WHAT IS REQUIRED =
Copy exactly, no pictures: every line from the one that contains "Deux bénévoles portant" through the end of the entries below.

[Captioned web images]
* * *
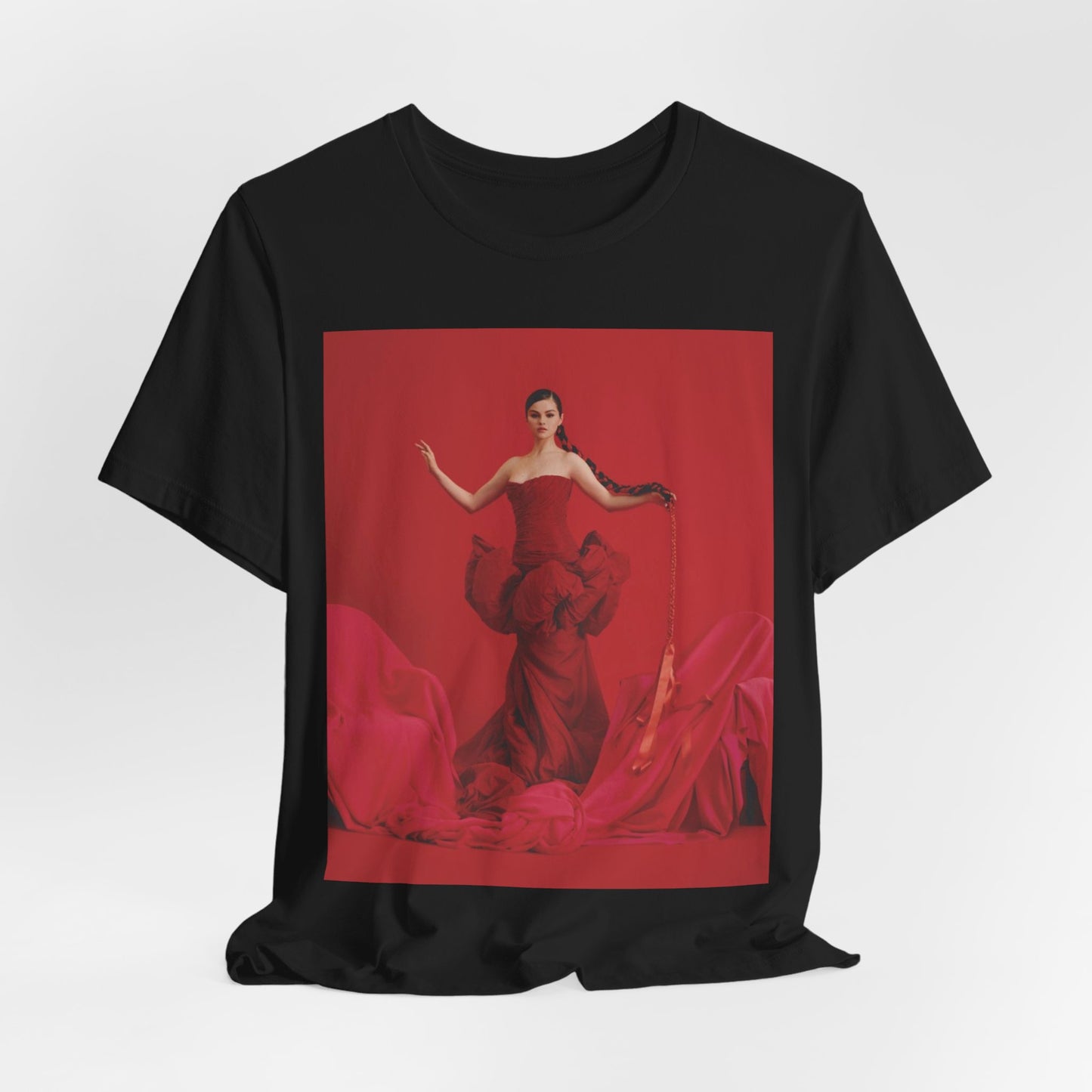 A black graphic t-shirt featuring a glam pop diva graphic of Selena Gomez.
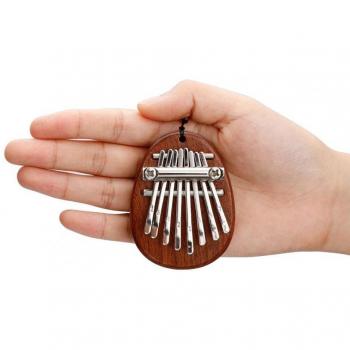 Piano de pulgar compacto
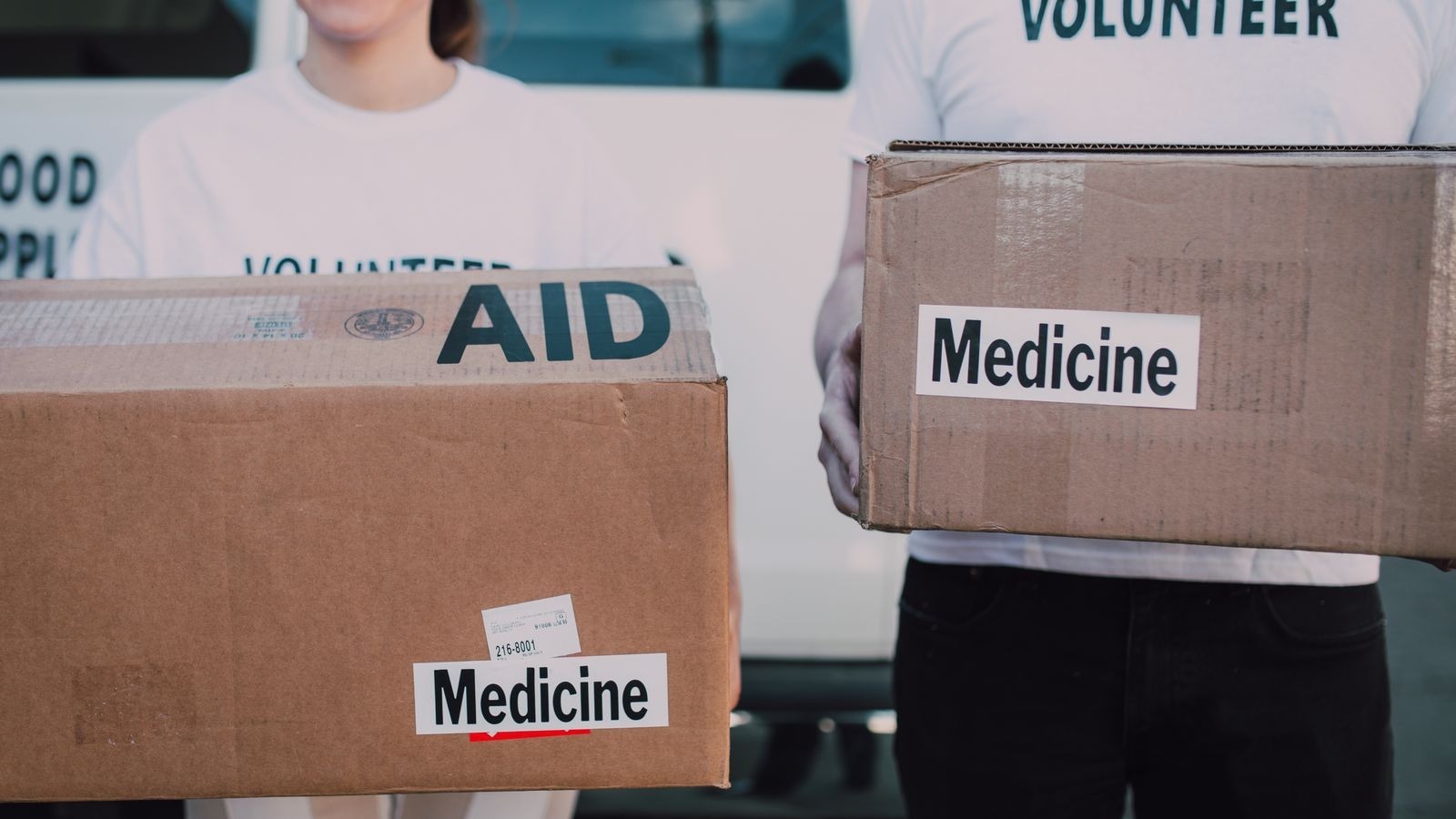 Deux bénévoles portant des cartons de dons étiquetés Aide et Médicaments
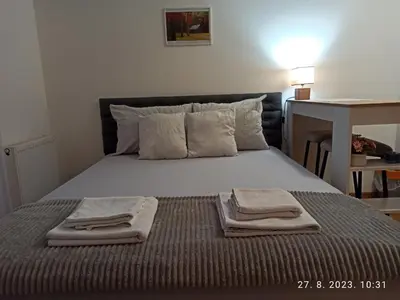 a bedroom with a bed with towels on it at Dunja Doboj in Doboj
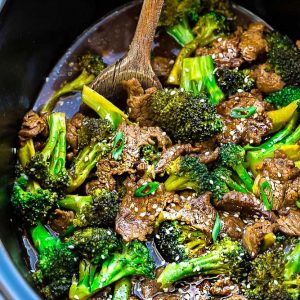 Slow Cooker Beef & Broccoli - an easy set and forget Chinese takeout favorite perfect for busy weeknights. Best of all, the beef cooks up melt-in your mouth delicious in a rich and savory sauce. Recipe also includes Instant Pot directions and works great for Sunday meal prep for work or school lunchboxes.
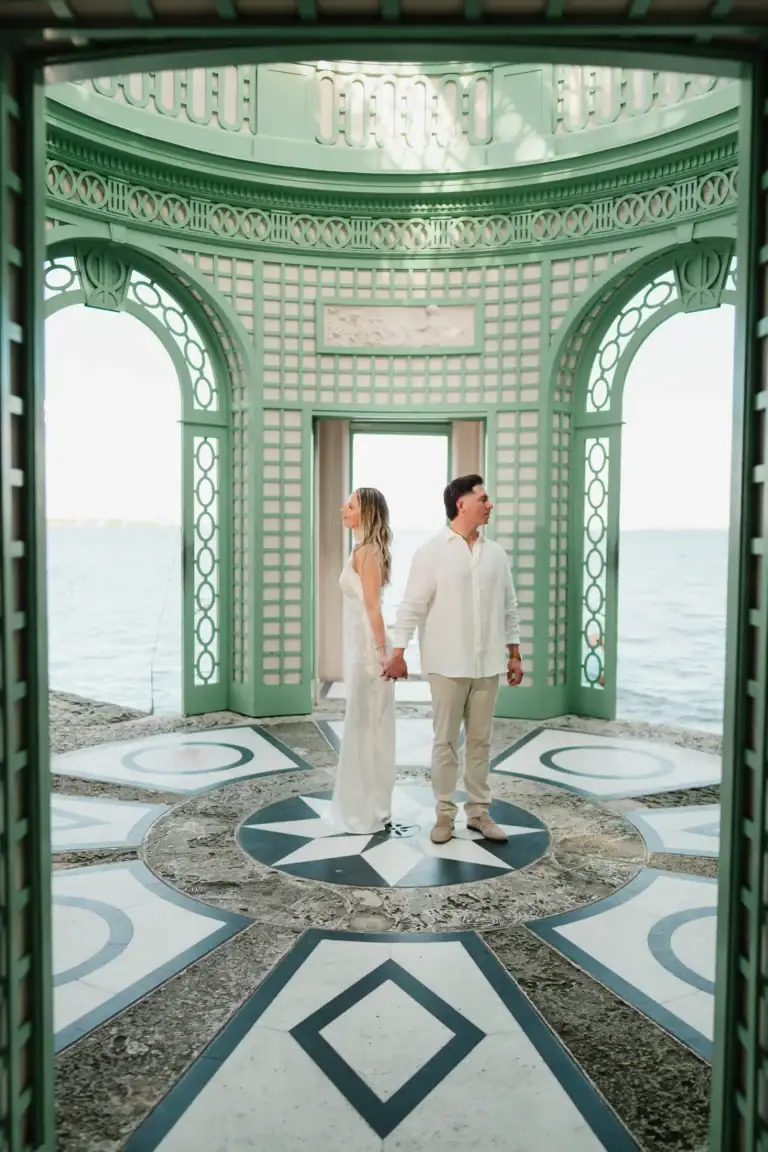 Vertical wide portrait of Gabby and Mike at the Tea House during their Vizcaya engagement session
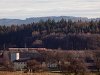 A passenger train hauled by a class 1099 electric locomotive seen between Schwadorf and Ober Grafendorf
* * *
TASK SOLUTION =
 Deux bénévoles portant des cartons de dons étiquetés Aide et Médicaments
 a bedroom with a bed with towels on it at Dunja Doboj in Doboj
 Slow Cooker Beef & Broccoli - an easy set and forget Chinese takeout favorite perfect for busy weeknights. Best of all, the beef cooks up melt-in your mouth delicious in a rich and savory sauce. Recipe also includes Instant Pot directions and works great for Sunday meal prep for work or school lunchboxes.
 Vertical wide portrait of Gabby and Mike at the Tea House during their Vizcaya engagement session
 A passenger train hauled by a class 1099 electric locomotive seen between Schwadorf and Ober Grafendorf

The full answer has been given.